● Task requirements: Return each record exactly as it appears, so that nothing is dropped or altered.

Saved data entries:
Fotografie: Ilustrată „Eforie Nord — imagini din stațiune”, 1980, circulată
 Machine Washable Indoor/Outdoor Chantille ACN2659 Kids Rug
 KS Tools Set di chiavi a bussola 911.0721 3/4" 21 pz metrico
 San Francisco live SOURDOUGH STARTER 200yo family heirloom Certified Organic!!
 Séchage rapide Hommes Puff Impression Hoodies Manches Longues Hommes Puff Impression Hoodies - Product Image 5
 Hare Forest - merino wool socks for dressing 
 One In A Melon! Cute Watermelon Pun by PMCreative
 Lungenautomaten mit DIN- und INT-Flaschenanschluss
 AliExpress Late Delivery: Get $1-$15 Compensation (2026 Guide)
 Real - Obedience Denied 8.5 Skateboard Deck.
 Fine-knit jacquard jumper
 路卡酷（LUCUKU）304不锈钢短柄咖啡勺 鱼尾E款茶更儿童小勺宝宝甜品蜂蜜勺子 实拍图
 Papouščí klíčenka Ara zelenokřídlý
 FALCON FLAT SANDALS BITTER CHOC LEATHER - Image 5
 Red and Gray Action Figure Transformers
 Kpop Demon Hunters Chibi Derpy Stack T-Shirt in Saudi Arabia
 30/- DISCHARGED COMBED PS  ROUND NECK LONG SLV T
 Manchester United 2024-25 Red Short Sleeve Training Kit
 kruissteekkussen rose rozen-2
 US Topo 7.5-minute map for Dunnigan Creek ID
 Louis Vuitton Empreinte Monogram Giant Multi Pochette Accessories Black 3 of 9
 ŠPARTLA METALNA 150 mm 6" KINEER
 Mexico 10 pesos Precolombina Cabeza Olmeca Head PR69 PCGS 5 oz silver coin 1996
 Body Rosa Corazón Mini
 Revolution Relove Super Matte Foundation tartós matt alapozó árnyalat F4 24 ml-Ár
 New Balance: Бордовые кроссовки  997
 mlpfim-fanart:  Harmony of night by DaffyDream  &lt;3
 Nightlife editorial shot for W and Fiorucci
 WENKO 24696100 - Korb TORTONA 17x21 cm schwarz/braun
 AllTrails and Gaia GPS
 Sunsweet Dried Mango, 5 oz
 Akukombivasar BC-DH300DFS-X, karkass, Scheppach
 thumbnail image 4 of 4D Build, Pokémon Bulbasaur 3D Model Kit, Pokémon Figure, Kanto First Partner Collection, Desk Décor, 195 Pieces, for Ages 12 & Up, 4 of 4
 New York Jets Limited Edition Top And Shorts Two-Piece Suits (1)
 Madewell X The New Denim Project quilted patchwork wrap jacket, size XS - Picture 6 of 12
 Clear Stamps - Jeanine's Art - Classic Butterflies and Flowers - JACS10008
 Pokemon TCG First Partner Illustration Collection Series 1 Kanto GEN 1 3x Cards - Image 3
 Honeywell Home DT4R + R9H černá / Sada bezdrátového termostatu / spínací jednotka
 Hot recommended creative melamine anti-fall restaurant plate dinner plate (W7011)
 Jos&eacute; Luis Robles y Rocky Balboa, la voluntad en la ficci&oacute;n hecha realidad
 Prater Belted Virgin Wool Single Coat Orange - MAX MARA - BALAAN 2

● Result of the exercise:
Fotografie: Ilustrată „Eforie Nord — imagini din stațiune”, 1980, circulată
 Machine Washable Indoor/Outdoor Chantille ACN2659 Kids Rug
 KS Tools Set di chiavi a bussola 911.0721 3/4" 21 pz metrico
 San Francisco live SOURDOUGH STARTER 200yo family heirloom Certified Organic!!
 Séchage rapide Hommes Puff Impression Hoodies Manches Longues Hommes Puff Impression Hoodies - Product Image 5
 Hare Forest - merino wool socks for dressing 
 One In A Melon! Cute Watermelon Pun by PMCreative
 Lungenautomaten mit DIN- und INT-Flaschenanschluss
 AliExpress Late Delivery: Get $1-$15 Compensation (2026 Guide)
 Real - Obedience Denied 8.5 Skateboard Deck.
 Fine-knit jacquard jumper
 路卡酷（LUCUKU）304不锈钢短柄咖啡勺 鱼尾E款茶更儿童小勺宝宝甜品蜂蜜勺子 实拍图
 Papouščí klíčenka Ara zelenokřídlý
 FALCON FLAT SANDALS BITTER CHOC LEATHER - Image 5
 Red and Gray Action Figure Transformers
 Kpop Demon Hunters Chibi Derpy Stack T-Shirt in Saudi Arabia
 30/- DISCHARGED COMBED PS  ROUND NECK LONG SLV T
 Manchester United 2024-25 Red Short Sleeve Training Kit
 kruissteekkussen rose rozen-2
 US Topo 7.5-minute map for Dunnigan Creek ID
 Louis Vuitton Empreinte Monogram Giant Multi Pochette Accessories Black 3 of 9
 ŠPARTLA METALNA 150 mm 6" KINEER
 Mexico 10 pesos Precolombina Cabeza Olmeca Head PR69 PCGS 5 oz silver coin 1996
 Body Rosa Corazón Mini
 Revolution Relove Super Matte Foundation tartós matt alapozó árnyalat F4 24 ml-Ár
 New Balance: Бордовые кроссовки  997
 mlpfim-fanart:  Harmony of night by DaffyDream  &lt;3
 Nightlife editorial shot for W and Fiorucci
 WENKO 24696100 - Korb TORTONA 17x21 cm schwarz/braun
 AllTrails and Gaia GPS
 Sunsweet Dried Mango, 5 oz
 Akukombivasar BC-DH300DFS-X, karkass, Scheppach
 thumbnail image 4 of 4D Build, Pokémon Bulbasaur 3D Model Kit, Pokémon Figure, Kanto First Partner Collection, Desk Décor, 195 Pieces, for Ages 12 & Up, 4 of 4
 New York Jets Limited Edition Top And Shorts Two-Piece Suits (1)
 Madewell X The New Denim Project quilted patchwork wrap jacket, size XS - Picture 6 of 12
 Clear Stamps - Jeanine's Art - Classic Butterflies and Flowers - JACS10008
 Pokemon TCG First Partner Illustration Collection Series 1 Kanto GEN 1 3x Cards - Image 3
 Honeywell Home DT4R + R9H černá / Sada bezdrátového termostatu / spínací jednotka
 Hot recommended creative melamine anti-fall restaurant plate dinner plate (W7011)
 Jos&eacute; Luis Robles y Rocky Balboa, la voluntad en la ficci&oacute;n hecha realidad
 Prater Belted Virgin Wool Single Coat Orange - MAX MARA - BALAAN 2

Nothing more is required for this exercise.